Keep your house at a comfortable temperature and use a safe method of heating if leaving your cat unattended. Open fires and gas fires can be very dangerous for pets home alone.
Letting in sunlight through the windows will improve your cat’s mood! Nicola often hears stories of how the windowsills of your home are your cat’s favourite napping spots!
Avoid cold draughts
If your cat has a resting spot, make sure they’re away from draughty areas. If there is a cold draught, try investing in a draught excluder or seal for your door/window to keep the heat in.
Invest in some toys for your cat that mimic prey movement to keep their brain active. Nicola emphasises the importance of making sure you put aside time to play with your cat this winter.
Engage their senses
Puzzle toys, scratching posts, and interactive feeders will help to keep your cat entertained.

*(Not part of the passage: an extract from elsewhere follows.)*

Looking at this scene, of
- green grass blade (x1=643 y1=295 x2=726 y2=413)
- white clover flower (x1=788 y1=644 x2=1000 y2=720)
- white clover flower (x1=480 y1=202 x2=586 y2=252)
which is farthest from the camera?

Making time to groom your cat over winter can help them feel pampered and act as a distraction to spending more time indoors. It also allows you to remove excess fur and debris to prevent matting and keep them happy.
Provide climbing spaces
Cats often defy gravity when it comes to climbing, so indoors it shouldn’t be any different! Nicola recommends installing high-up shelves near windows so they can watch the world go by from above!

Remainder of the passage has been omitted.